She's darling I'm glad you are together now


----------



## Katie (Apr 9, 2005)

shes gorgeous! congratulations on your new baby (finally) :wave:


----------



## Sugar.Geisha (Dec 21, 2005)

Lottie said:


> Sugar.Geisha said:
> 
> 
> > Seriously im finally understanding how you guys feel - its like how can you love something so much when you dont know her???
> ...


I couldnt agree more, while before I could stare longingly at all the others photos of their babies I couldnt really participate in a lot of the forum now Im just dying to post about all the things Roxie does!! Im glad you got Jelly!!

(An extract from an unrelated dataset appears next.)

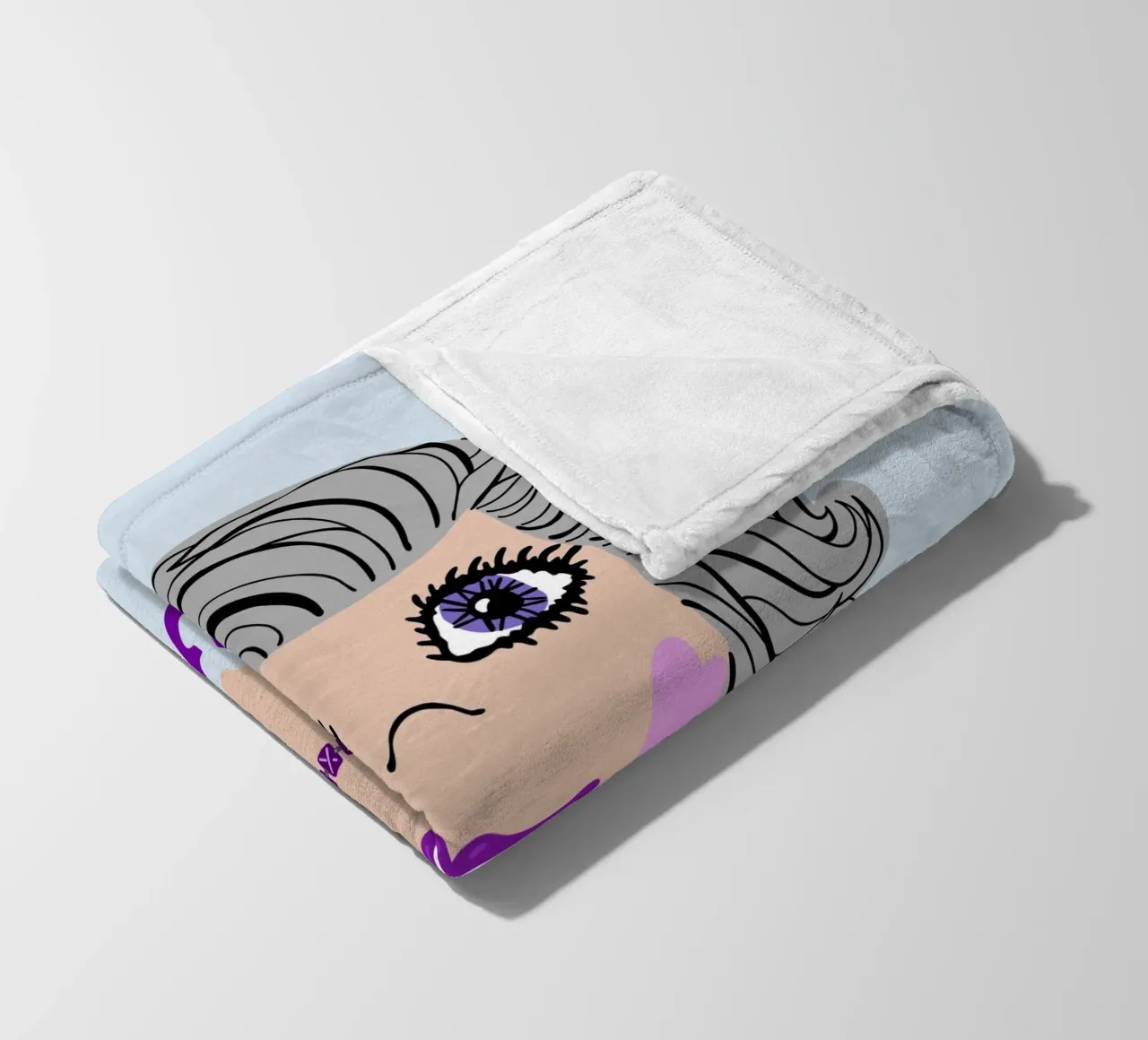 Grijs haar zilveren vos retro stijl fleecedeken van DYDesign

Thanks so much for everyones replies, Im still in shock that I actually have her.


----------



## guinnypigsmom (Feb 9, 2006)

congratulations on your new baby!!! :wave:


----------



## Mexibeach (Oct 20, 2005)

Ohhhh, she is just tooooooo cute!!! I miss Piña being a lil puppy  She will be 9 mos old tomorrow :shock: Enjoy this time as it just flies by. Gosh, all breeds of puppies are cute, but Chi puppies are just the cutest!!!


----------



## littleweed (Nov 21, 2005)

Congrats!!!! She is sooo beautiful! I am so glad you finally got the baby you wanted sooo bad!! I can't wait to watch her grow up on here!!! :wave:


----------



## Sugar.Geisha (Dec 21, 2005)

It is so funny seeing how small she is next to my cats (which are all afraid of her!)
Its so nice seeing her personality coming out day by day


----------



## katja (Mar 3, 2006)

how old is she now.
and she is such a cuty


----------



## Sugar.Geisha (Dec 21, 2005)

She is 2 months and 4 days


----------